I left the post office feeling as gloomy as the weather was around me. I knew that there was no chance that my ballot would get back to Florida in time. So I did something that any angry eighteen-year-old would do in this situation – I tweeted about it.

I was outraged. All I wanted was to perform my civic duty, but instead, my rights were stripped away.

I suspected that I wasn’t the only college student who experienced this type of voter suppression. So, I began to ask my peers about their experiences. I made an Instagram poll asking if other college students received their absentee ballots. Out of the 41 votes I received, 20 people voted no. I knew that I needed to find a way to share my experience on with voter suppression, but I wanted to go further and share the experience of others – and I knew that Her Campus was the best way to do it.  This prompted me to make another request on my Instagram story, asking people to share their stories with voter suppression for this very article.

Credit: Nicole Silvera 

What I got back were stories of friends from Florida, Wisconsin, California, and New York who told me that they too were left unable to vote in the election because they did not receive their absentee ballots in time.

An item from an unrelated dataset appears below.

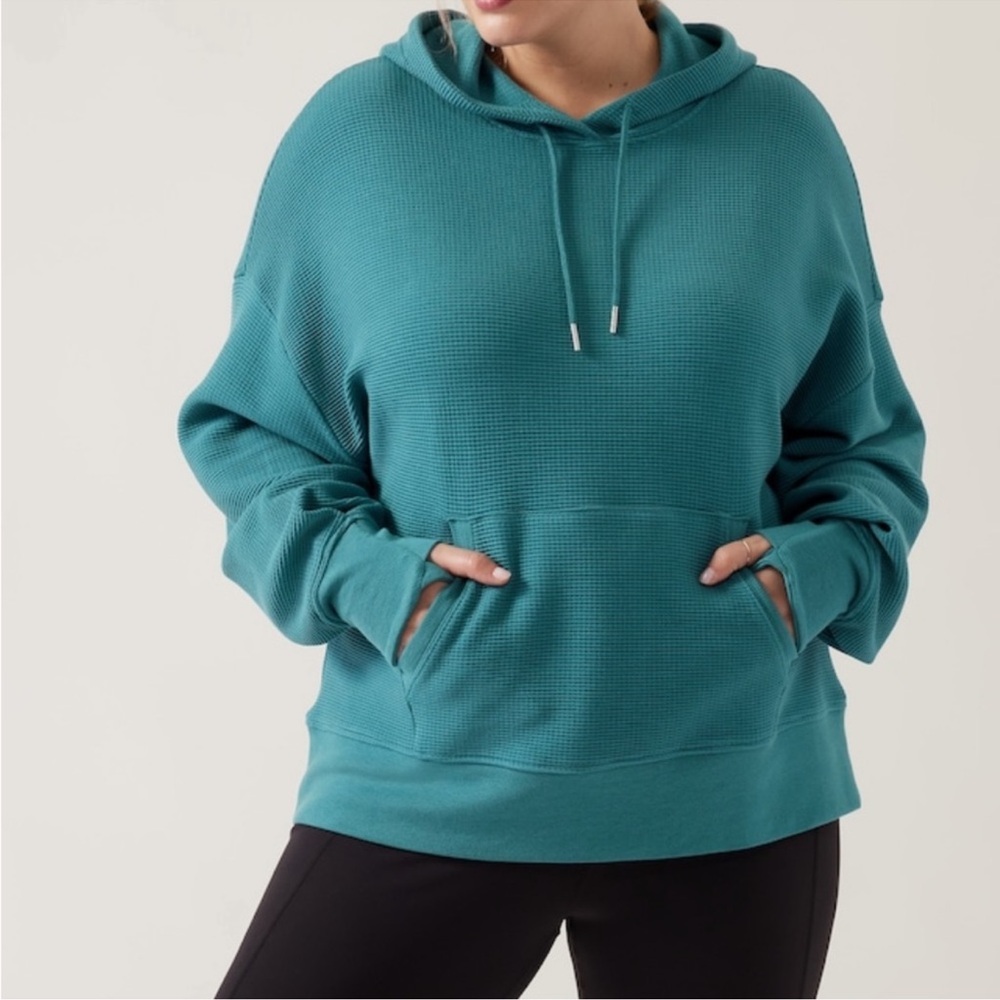 NWT Athleta waffle balance hoodie sweatshirt L - Picture 2 of 4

Bonnie Lynch, from South Florida, told me about how she and her sister who go to school in Tallahassee never received their absentee ballots. “My parents were freaking out (because they obviously wanted us to vote & exercise our civic duty), and wanted us to come home — a 7-hour drive — to vote,” she said.

Luckily, they were able to change their residence addresses at the last minute and were actually able to vote at the civic center in Tallahassee.

Fernando Escalante, another South Florida native who goes to school in Baltimore, Maryland talked about how he had to make to separate ballot requests after finally receiving his the day before it was due, November fifth. “I felt that my vote was not going to count and that after years of waiting to vote I would come up short just because of lack of information, clarity, and mismanagement by the local election office.”

He followed up by saying, “I was even told 'why don’t you register to vote in Maryland?' by someone working inside the Broward County Board of Elections office. This made me feel like my vote was being suppressed and that this process of absentee voting was being made as difficult as possible for me to cast my vote and make my voice be heard.”

Bennet Smith-Worthington (who wanted me to put “Lord” in front of his name because apparently, he owns land in Britain. Sorry Ben, not happening) who is from Ozaukee county in Wisconsin said that despite ordering his ballot three weeks, early, he never received his ballot. When asked how this made him feel he said, “Frustrated that I wasn’t able to vote, but the results fit my voting pattern so slightly relieved.”

I knew how crucial this midterm was, especially in a swing state like Florida and I wanted nothing more than to have the opportunity to play a part in my nation’s political future. To be completely honest, it took a lot for me to write this article. It was something I had been wanting to share, but it was difficult for me to find the courage to sit down and acknowledge the injustice head-on. However, I felt as though it needed to be shared, as this is a conversation that must remain relevant. In the 2018 Midterm elections, thousands of votes submitted by mail were not counted, especially those of college students.

It is important that we as a country acknowledge that this is an issue that has not been left behind in history books, and is a problem that continues to plague our system of democracy to this day.